COVID-19 deaths, hospitalizations continue to increase in Manitoba, latest report says

Manitoba is seeing increased COVID-19 activity with higher death counts, hospitalizations and case numbers, according to the latest weekly report, but the province’s top doctor says it’s too early to call it a new trend.

The weekly epidemiological report released Thursday added twice as many COVID-19 deaths to the province’s total than the week before. More people with severe illness were also admitted to hospital during the week of July 31 to Aug. 6 than the previous week, according to the report.

Wastewater surveillance data has shown an increase in COVID-19 transmission since late June, the report said. Laboratory tests confirmed a larger number of new COVID-19 cases compared to the previous week.

At a Thursday news conference announcing additional appointments for monkeypox vaccination, Chief Provincial Public Health Officer Dr. Brent Roussin was asked about the recent COVID-19 numbers.

He acknowledged the province is seeing a slight increase in activity, but said the increase is not “dramatic.”

“We’re now seeing some increase so we’ll have to follow that trend,” he said.

“The majority of the cases we see, when we report them as hospitalized, those are incidental findings. The majority of those people are not there because they have COVID, but they they happen to test positive for COVID.”

This latest report adds 12 more COVID-19 deaths to Manitoba’s total, compared to an increase of six reported last week by Manitoba Public Health.

The death count since the start of the pandemic now stands at 2,079. 
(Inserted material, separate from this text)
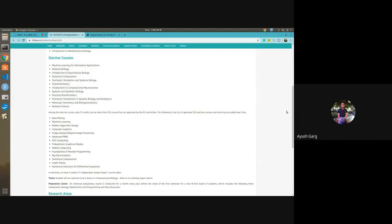In semesters 3 and 4, most coursework is complete and the remaining 16 thesis credits become the primary focus. Generally, students divide the thesis into 8 credits each semester, though it is flexible. You can also go for elective courses to complete credits, audit courses for learning purposes, earn extra credits, or pursue course replacement — replacing a previously taken course in which you did not score well.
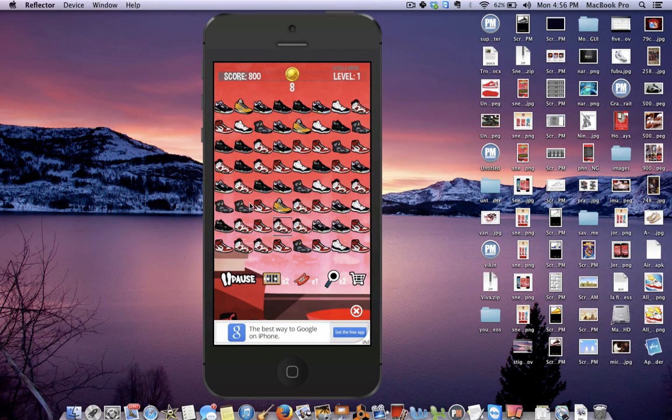So look. That's what it is. Sneaker Match Mania. Match them shoes up. Get them J's. Match them J's. It's easy. All right? I'll talk to you guys later. Thanks for watching.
Manitobans continued to die at a faster rate compared to the same time period last year. A total of 566 people have died in 2022 as of the week ending Aug. 6, Manitoba Health reports, which works out to a rate of 2.6 deaths per day.

During the same 217-day period last year, there were 483 deaths, a rate of 2.2 deaths per day.

More people were admitted to hospital and intensive care units compared to the previous week. There were 57 hospitalizations, up from 53, and 12 ICU admissions, up from seven.

One of the patients admitted to ICU was a child younger than 10.

Continued strain

Dr. Philippe Lagacé-Wiens, a medical microbiologist at St. Boniface Hospital, agreed with Roussin that it is difficult at this point to know which direction the current trend is going. 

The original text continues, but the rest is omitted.